Monday, December 6, 2010
Ecuador Equals Ecuador
There was a great story in the Daily News the other day about one of our local teachers, how she's come up with an ingenious way to teach math and geography together.
I know I personally love the idea, since I had trouble with both subjects when I was in class. But back then we just had teachers who were very strict, and they kept to the "old ways," that they thought were best. If we weren't sitting in the corner with a dunce cap, they were washing our mouth out with soap. In fact, to this day, I still find the taste of soap bad. Back then, and this is serious, I used to always hear one of my uncles calling ladies a battle-axe and I didn't really know what it meant. I actually thought it was a word sort of like Cadillacs and didn't know it referred to big ugly axes. Anyway, they shook me and only quit short of killing me.
Forgive my digression, please -- it's unnecessary -- I didn't mean to say any of that. This was meant solely as a post about how much better teachers are these days. As evidence, I present the teacher who was featured in the newspaper the other day. Darn it, I threw away the paper and don't remember her name. I only remember the thing she did, what they were featuring, her brainchild of combining math and geography, albeit at the present time only in a limited way.
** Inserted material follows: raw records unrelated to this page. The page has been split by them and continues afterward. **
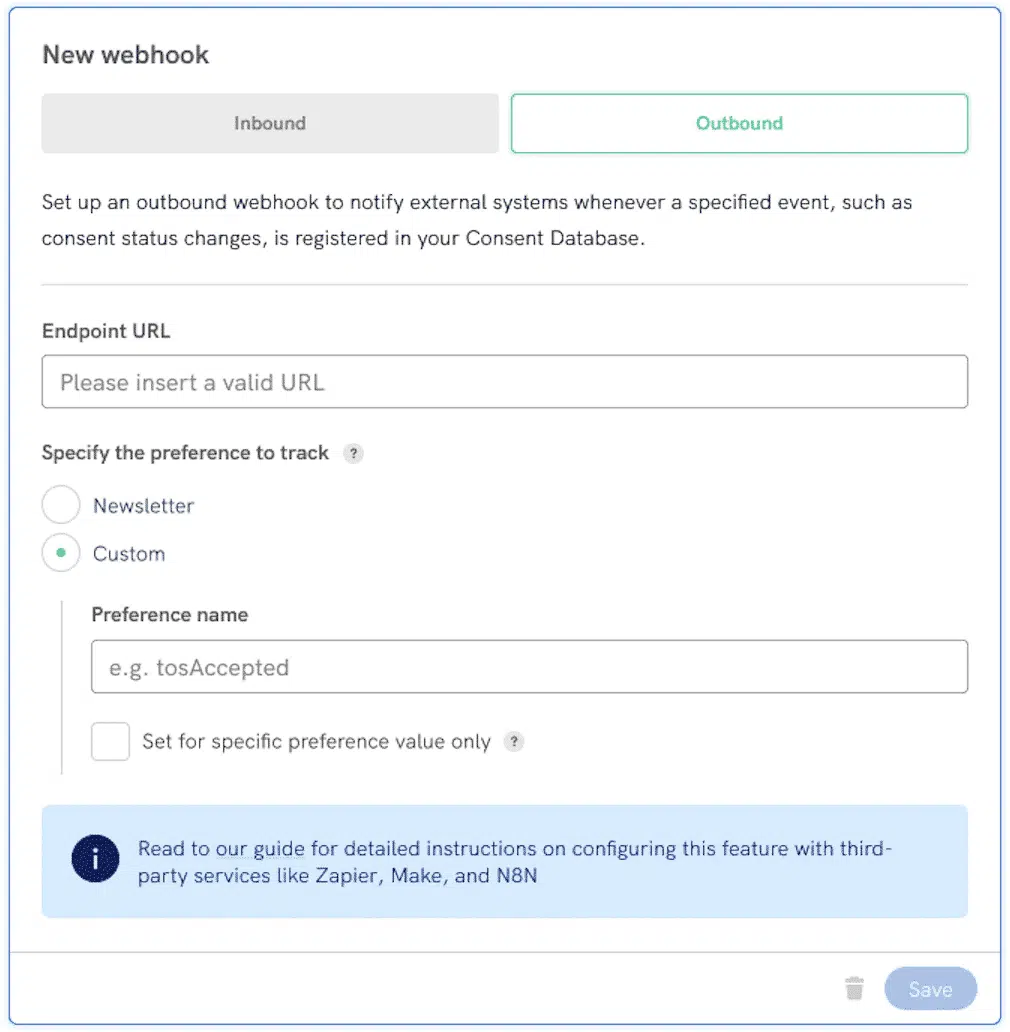 webhooks iubenda consent database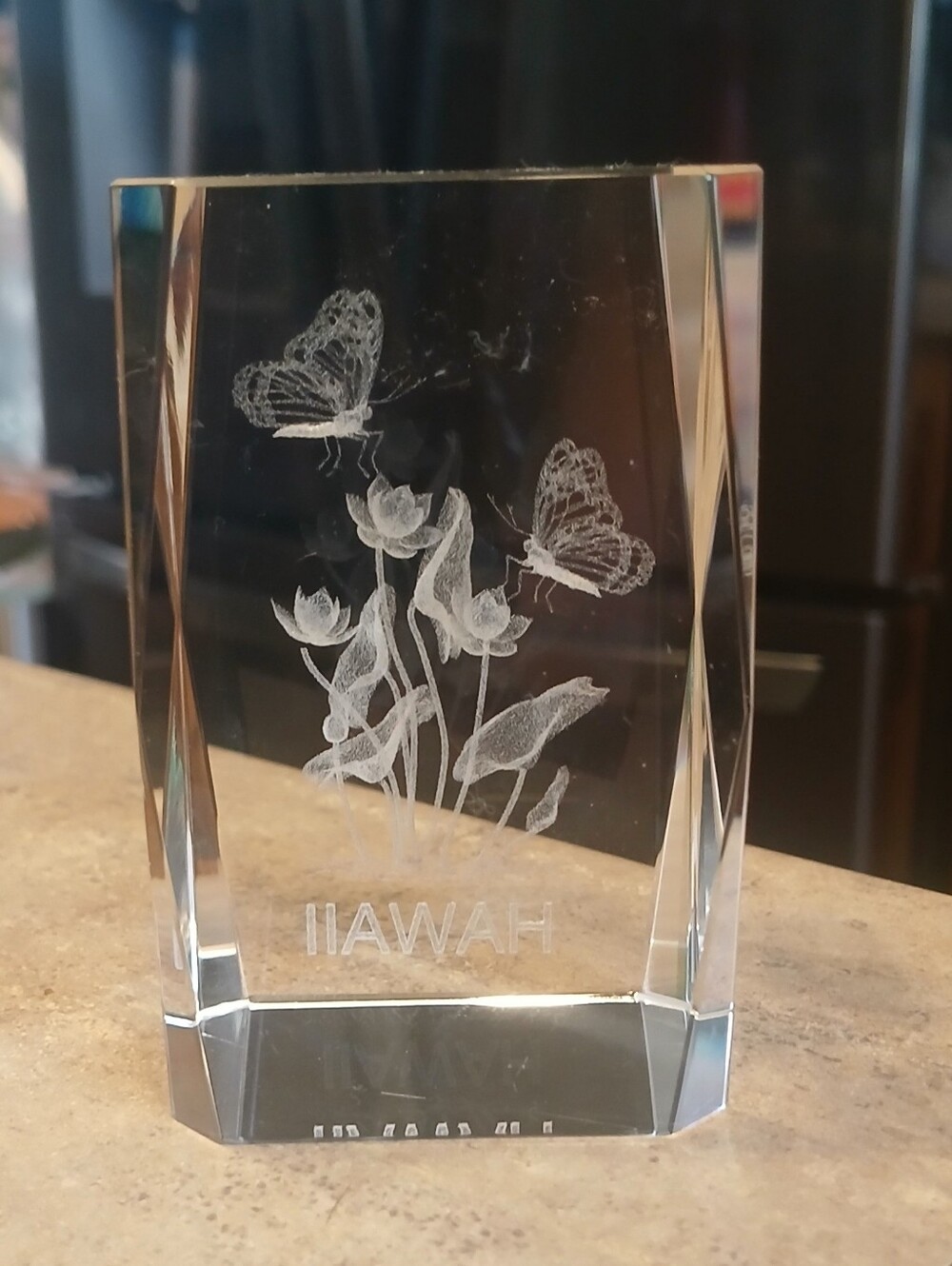 Vintage Hawaii 3D Laser-etched Cystal Glass Paperweight - Picture 3 of 6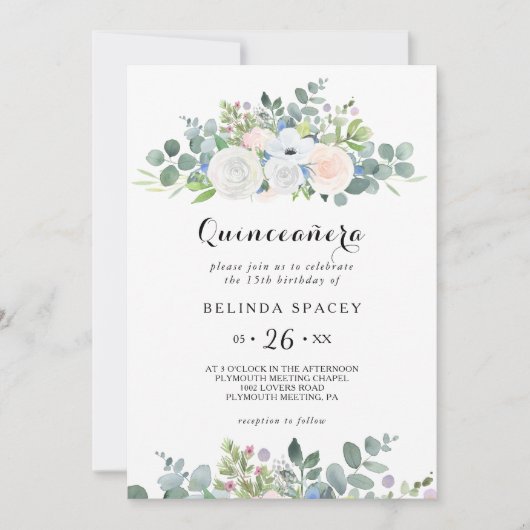 Invitation Eucalyptus Verdure Quinceañera fête d'anniversaire (Devant)
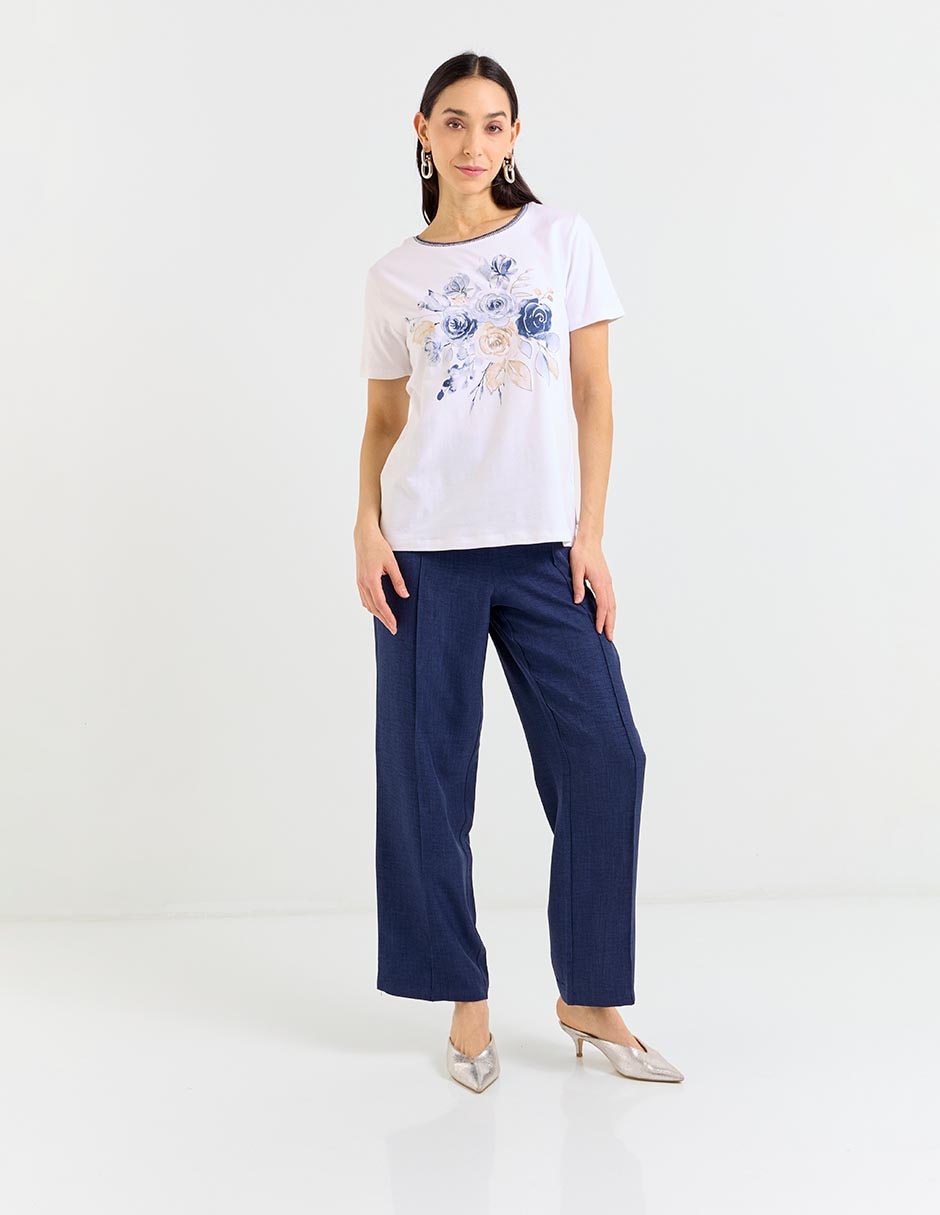 Playera manga corta cuello redondo para mujer 3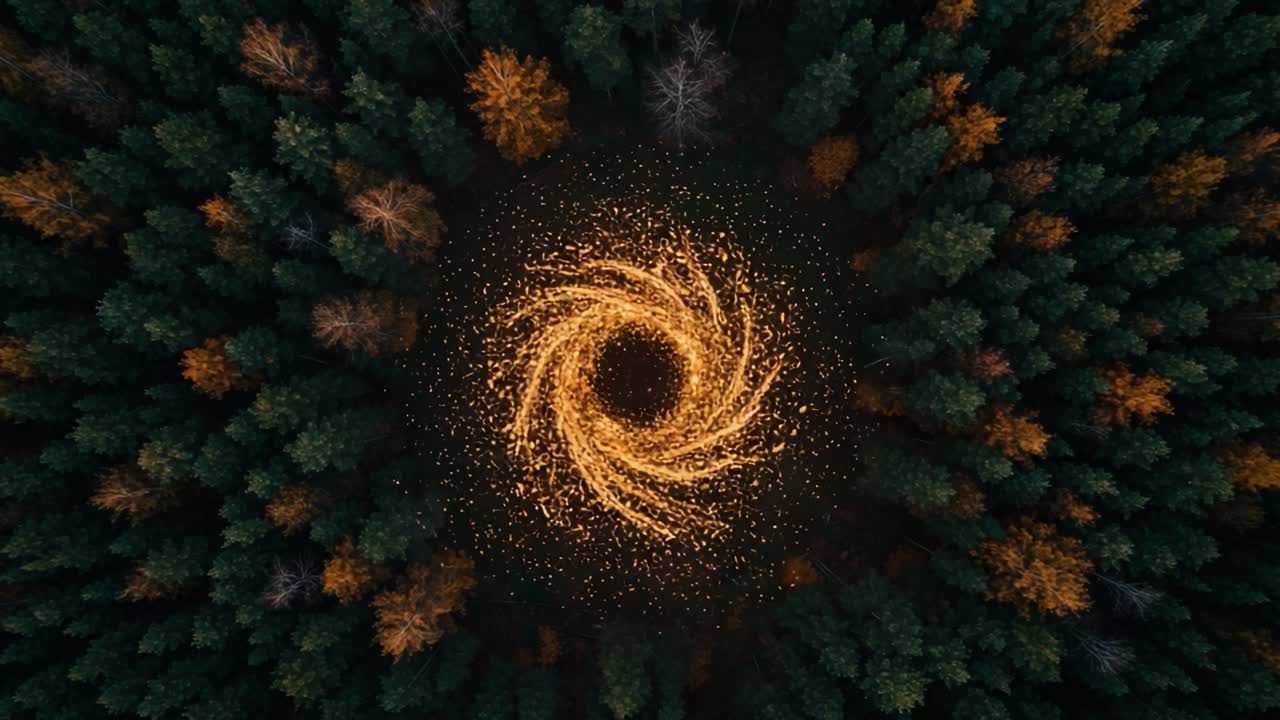 A Mesmerizing Spiral of Golden Sparks Illuminates a Forest Canopy, Creating a Stunning Contrast Between Nature's Green and the Enchanting Warmth of Autumnal Colors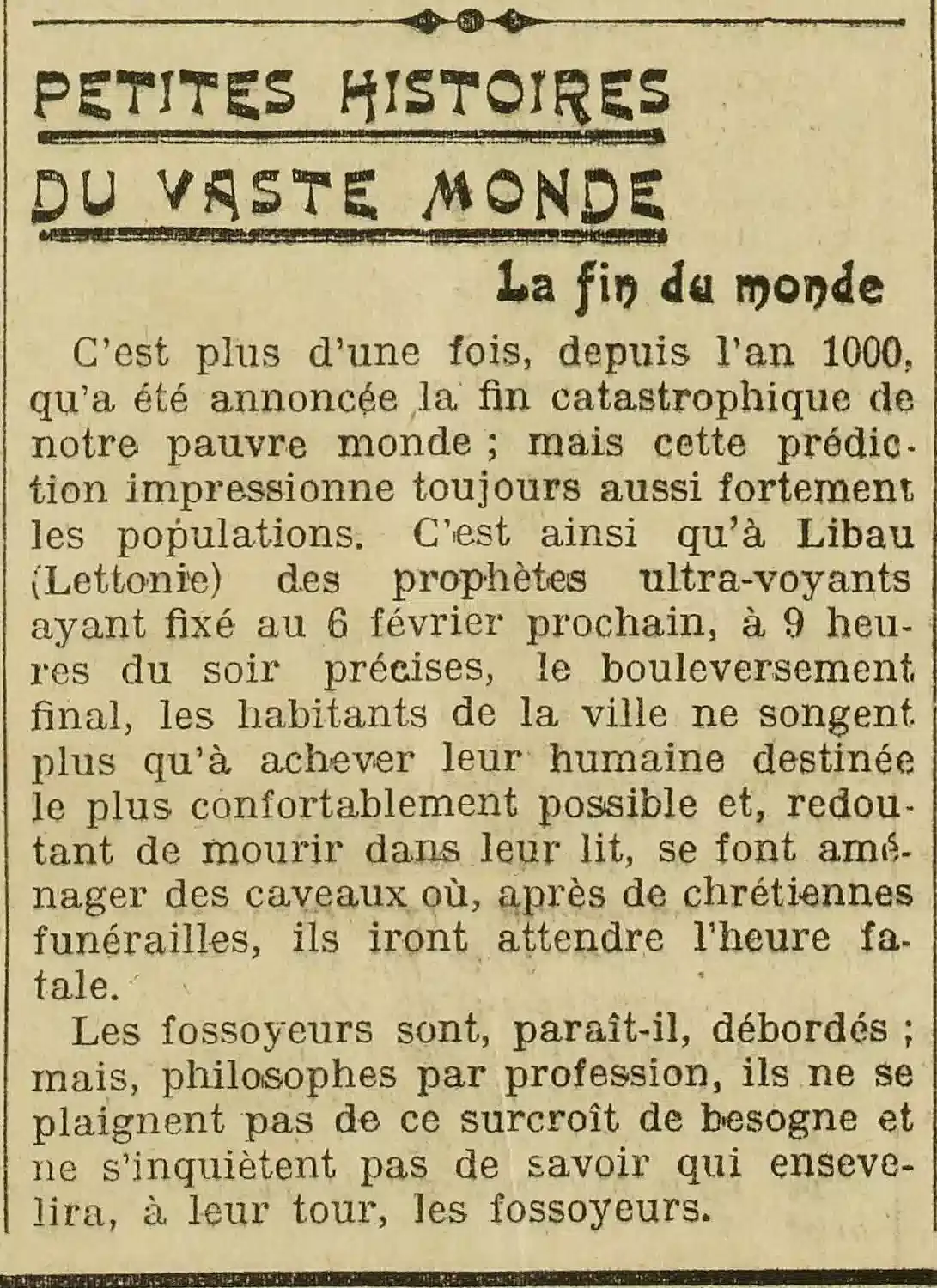la fin du monde - petites histoires du vaste monde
We all know geography is the study of memorizing the countries of the world. There's less a need for it these days thanks to GPS. But, still, it helps to know by heart how to get to certain places, even if it means coming up with creative ways to make the information stick in our memory. And that's what this gal's come up with. Good looking lady, too, not like the old battle-axes they had when I was in school...
Anyway, I said her technique is presently very limited. She's either going to need to expand it or hope others do. It might take someone in the university to put his mind to this. But it's a great pedagogy, bar none. I know I love it. I can actually say, just reading about it makes the country "Ecuador" stick in my mind, and that's the only geographical word she's got so far. Ever since I read the article, I've known about Ecuador. And if you read the rest of my post, you're going to remember it too.
OK, here it is. What she's got so far is the theory that "Ecuador" and "equal" are similar words. So, to combine the two subjects, she's teaching the arithmetic tables and substituting equal with Ecuador. Such as, 5 + 3 Ecuador 8, 4 x 3 Ecuador 12, 21 - 5 Ecuador 16, and 10 / 5 Ecuador 2, and so on. It also works with harder problems, she carefully explained, going all the way up to numbers that are a lot bigger, which would be common sense. 4000 x 3 Ecuador 12000, 1 million + 2 million Ecuador a whole bunch, and so forth.
I can't think of other geographical terms she could teach by this method. Maybe you can help. I myself don't have a teaching degree. I was scared straight about teaching when I was in school. Now, of course, I know I shouldn't hold it against all teachers just because I had the bad apples. You've always got good and bad, and the two are not Ecuador.